I think a good chunk of it is bot-induced performance problems, yea. Whether that's compute or transfer. And advertisement costs.

Optimization is very very much not a solved problem though, just look at basically all software ever written - it's written for an optimization priority and to a price point (whether commercial $$ or via personal time), and that target's value to its users has shifted rather dramatically.

This is really interesting. I indeed looked at this problem from the wrong perspective.

I'm working on an open-source tool that could be useful for bot detection, but I'm still not confident that anyone would deploy it on-prem and make the setup/maintenance instead of just routing traffic through the cloud.

Perhaps performance as a KPI could work. Thanks!

I think you'd definitely find some interest, e.g. anyone that intentionally avoids "the cloud" will want something local. Honestly I assume there are some of these already, monitoring apache/nginx/etc logs. Anubis is arguably similar and has been exploding lately, for example, though I'm not sure if it auto-updates its rules at all: https://github.com/TecharoHQ/anubis

As to if it'd get enough interest: yea no idea at all. I wish you luck tho! Clearly there's a need for this kind of thing.

Well the fun things is that no one knows how much traffic of what kind they are getting when they use Cloudflare.

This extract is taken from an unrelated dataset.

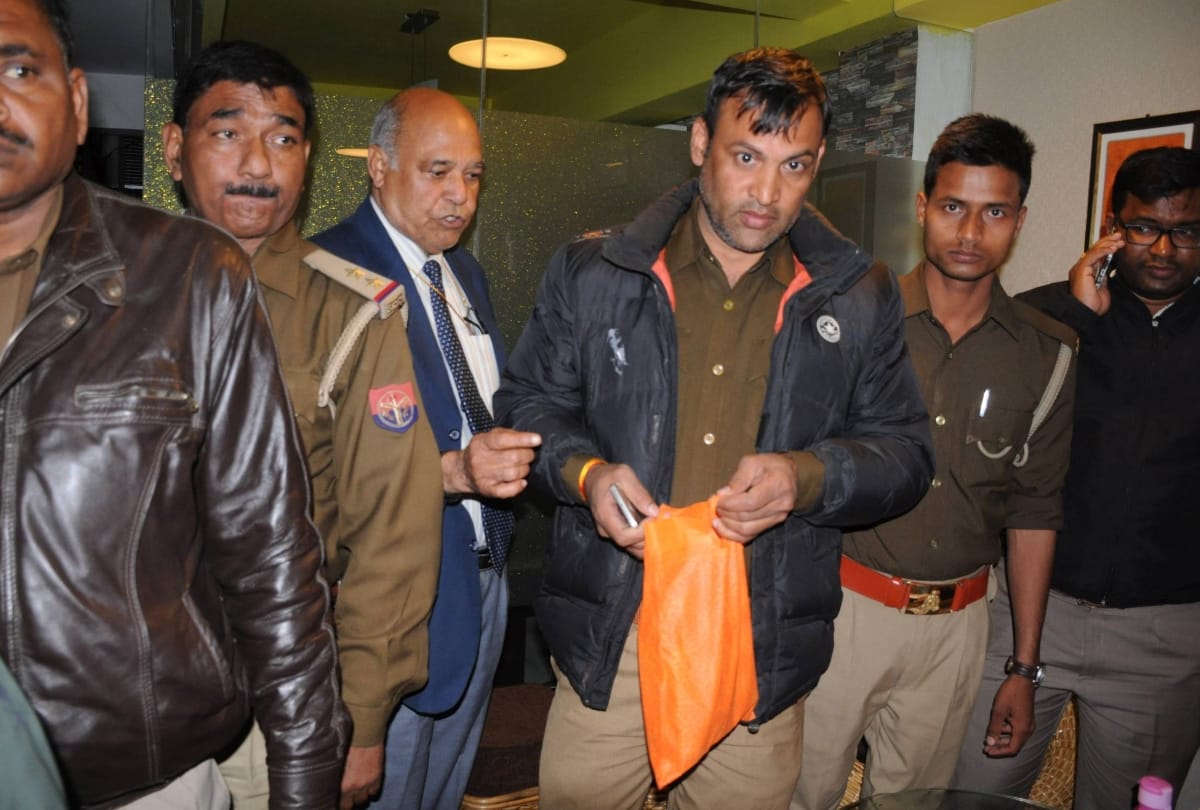 fraud order home delivery of jewelry worth six lakh rupees then ran away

You get the numbers that Cloudflare tells you, but who knows if you can trust their stats after their CEO is apparently cherry-picking data to shape their product narrative?

That same CEO too that just went on a wild tone-def layoff justification, classifying human employees into roles of either a builder, seller, or measurer and saying he wants to get rid of everyone that "measures" the business...

I wouldn't trust a single thing coming out of his mouth.